Post-Training Quantization for Vision Transformer

Authors: Zhenhua Liu, Yunhe Wang, Kai Han, Wei Zhang, Siwei Ma, Wen Gao

NeurIPS 2021 | Conference PDF | Archive PDF | Plain Text | LLM Run Details

Reproducibility Variable Result LLM Response
Research Type Experimental The effectiveness of the proposed method is verified on several benchmark models and datasets, which outperforms the state-of-the-art posttraining quantization algorithms. For instance, we can obtain an 81.29% top-1 accuracy using Dei T-B model on Image Net dataset with about 8-bit quantization.
Researcher Affiliation Collaboration Zhenhua Liu1,2, Yunhe Wang2 , Kai Han2, Wei Zhang2, Siwei Ma1,3, Wen Gao1,3 1School of Electronic Engineering and Computer Science, Peking University 2 Huawei Noah s Ark Lab 3Peng Cheng Laboratory
Pseudocode No No structured pseudocode or algorithm blocks were found in the paper.
Open Source Code Yes Code will be available at https://gitee.com/mindspore/models/tree/master/research/cv/VTPTQ.
Open Datasets Yes For image classification, the CIFAR-10, CIFAR-100 and ILSVRC-2012 Image Net (we refer to it as Image Net in what follows) datasets are utilized to evaluate the quantization performance. ... For object detection task, the COCO2017 dataset is utilized to evaluate the quantization performance, which contains 118K training images and 5K validation images.
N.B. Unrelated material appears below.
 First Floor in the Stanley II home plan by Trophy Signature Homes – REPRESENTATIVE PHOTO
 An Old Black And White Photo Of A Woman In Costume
Dataset Splits Yes The CIFAR-10 dataset consists of 50K training images and 10K test images... CIFAR-100 dataset also contains 50K training images and 10K test images... Image Net dataset contains 1.2 million training images and 50K validation images... COCO2017 dataset ... contains 118K training images and 5K validation images.
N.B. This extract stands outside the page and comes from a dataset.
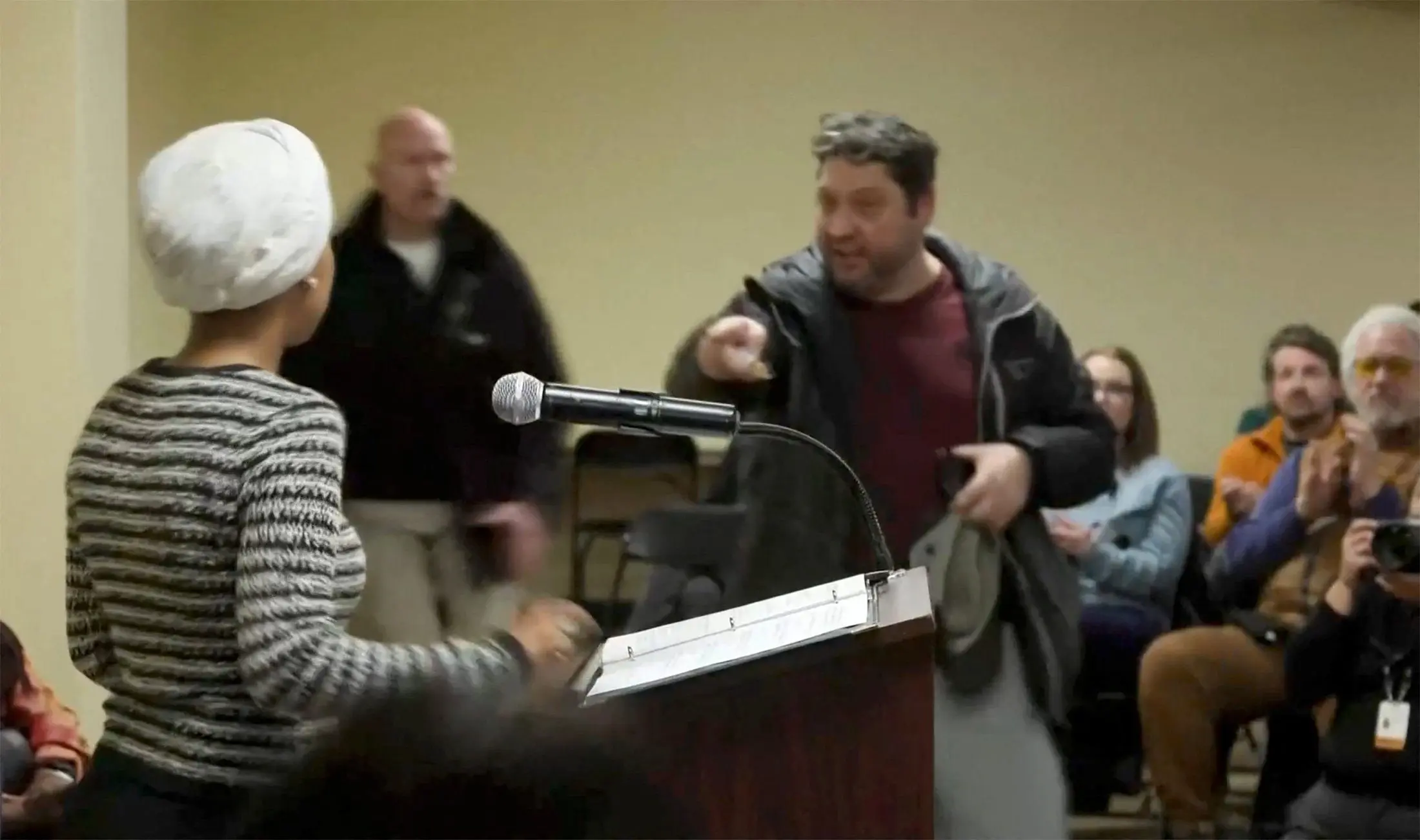 a-man-shouts-at-u-s-rep-ilhan-omar-after-spraying-her-during-a-town-hall-meeting-in-minneapolis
Hardware Specification No No specific hardware details (e.g., GPU/CPU models, memory, or detailed computer specifications) used for running the experiments were provided. The paper only mentions 'High-Performance Computing Platform of Peking University' in acknowledgements, which is not specific enough.
Software Dependencies No The paper mentions 'MindSpore' in the code repository link, but does not provide specific version numbers for MindSpore or any other key software dependencies (e.g., Python, PyTorch, TensorFlow, CUDA) used in the experiments.
Experiment Setup Yes We randomly select 100 images for CIFAR-10 and CIFAR-100 dataset and 1000 images for Image Net and COCO2017 dataset from the training dataset as the calibration dataset. For the hyper-parameter, α and β are set to 0.5 and 1.2 for all the experiments. The maximum iteration is set to 20 if not mentioned specifically. For mixed-precision, we utilize {4,5,6,7,8} and {6,7,8,9,10} bits while the target bit-width are 6 bit and 8 bit, respectively.